A 3 blade rotor chopping 1 meter above your head, a small screaming engine under your seat and rock solid ground 1000 feet below you. Oh, and because it is hot we left the doors off the helicopter so each time we bank the little Schweizer 300CB to the right I get the feeling I’m going to drop out.

About death grip and chasing helicopters.

Needless to say that my first helicopter flying lesson was a nerve wrecking experience. Even the first couple of lessons after that I did feel nervous and stressed whenever the wind bumped the helicopter or we made a tight turn to the right. That is why most student pilots tend to tense up on the controls, just like I did. And this tensing up makes flying helicopters very difficult indeed, tightening your grip on the controls leads to over correcting and making matters worse. Fortunately, the human species is very adaptable and after 10 to 20 hours you’ll grow accustomed to the bumps and shakes and start to relax. But your next hurdle is keeping your eyes outside of the cockpit. Fixating on the instruments is another bad habit a new student quickly picks up and what happens is that you’ll end up chasing the gauges instead of flying the helicopter. This feeling of chasing the helicopter and not being in control is certainly annoying and gave me the feeling that I would never be able to learn how to fly these darn machines. Patience from your instructor and listening and following his or her advice will also get you over that hurdle, and it is at that point when the fun starts.

Your instructor and you.

All those hard hours in the beginning will eventually turn you into a relaxed and in control student pilot. This is the point where your training will accelerate because you can focus on flying the manoeuvres instead of chasing the helicopter and making matters worse with a “death” grip on the cyclic and collective. This is where the fun and excitement of helo flying really starts. The single most important aspect of helicopter training and getting to the point where the training starts to come together, is the compatibility between student and instructor. Asking for a demo flight with your potential new instructor can be a good opportunity to gauge the compatibility between the instructor and you. If you are ever in doubt about your progress because of the quality of instruction you’re receiving or because of compatibility problems, you must be open and talk this over with your instructor and the school. Don’t let it slide and spoil your (expensive) training experience. Remember, you are the customer.

A typical session.

So, what is a typical helicopter training session like? The session usually starts of with a thorough pre-flight check of the helicopter. The purpose of the pre-flight check is to make sure it is in good flying condition and won't drop out of the sky halfway through the lesson. A good check takes at least 30 minutes, even for small helicopters. After that your instructor gives you a quick briefing about the flight and what kind of manoeuvres you will be training for that day. Training flights range from staying in the airports traffic pattern to practice approaches to flying cross country to another airport. You'll also be practicing all kinds of manoeuvres during those flights from the basics; hover, straight and level, turns and ascent/decent. To a couple more fun and challenging manoeuvres; quick stops, straight in autorotation, settling with power and hover autorotation. Because of the amount of concentration and hard work necessary to fly a helicopter and taking in all the information given to you by the instructor a lesson is usually not longer than 1 to 1.5 hours. Back on the ground your instructor will debrief you on your performance and discuss what will be done in the next training session. After that it is a good idea to hit the study books.

Book worm.

My experience of helicopter training so far has been that the practice of flying is far more difficult than the theory. Radio communications is a good example of this. Studying radio communications from the books and software is pretty easy, but when you’re out there and have to make the calls or read back instructions it all seems to be a lot more difficult. I guess the reason for this is, when you’re up there you a have a lot more to do than just talk to the tower, like flying the helicopter for example. Sitting on the couch with your nose in the books and practicing radio calls is by far easier. Don’t get me wrong, you will still study at least 3 hours for every hour of flight training. Sit down with your instructor and discuss the best ways to prepare for lessons and what to study at that specific stage of flight training. You will have lots of tests to take. To obtain a private pilot license you will have to pass a written test, an oral exam and a check-ride. Usually the school itself also requires you to pass a few tests of its own; at my school for example they have a pre-solo written and pre-solo check ride test.

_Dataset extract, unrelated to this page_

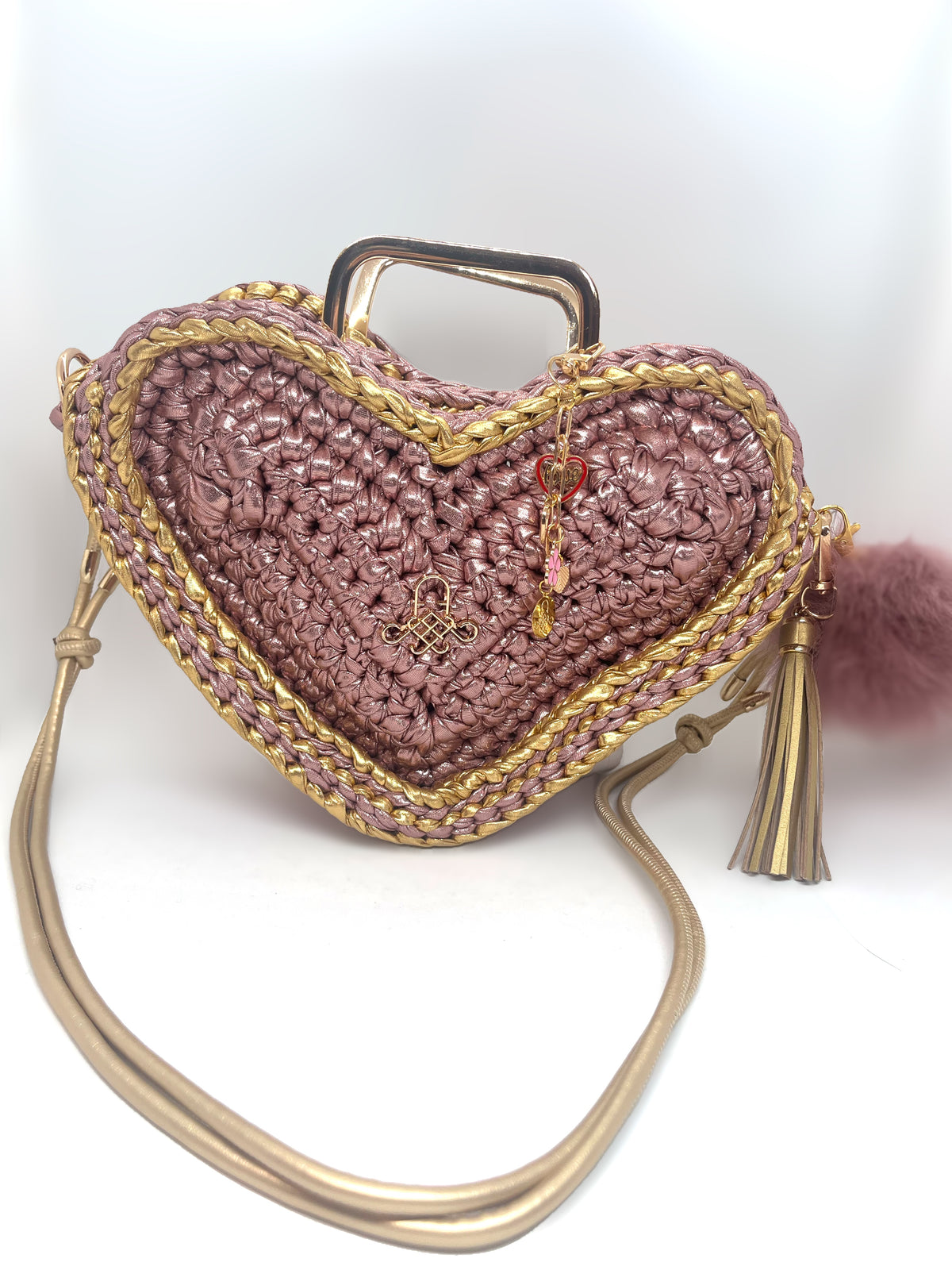 GOLDEN DAMAGE HEART BAG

Resources and tools available to you.

As a student pilot you’ll find that you are hungry for information about all aspects of helicopter flying and aviation in general. Luckily, there are plenty of information resources available to you. First stop, of course, should be your instructor. Next are the study books you’ll need to prepare for the exams. Experienced helicopter pilots are also a good source of information, however, they are not usually hanging around answering questions unless you get online and visit one of the many websites and/or discussion forums. But I guess if you are reading this you have found the best and most fun helicopter site and discussion forum of them all! A very useful tool is the PC based computer flight simulator. These simulators are the best way to have fun while practicing navigation and using navigation aids. I am using Microsoft Flight Simulator 2004 for trying out my navigation logs and flight plans and to practice radial intercepts on a VOR. This will save you actual hours of expensive flight training.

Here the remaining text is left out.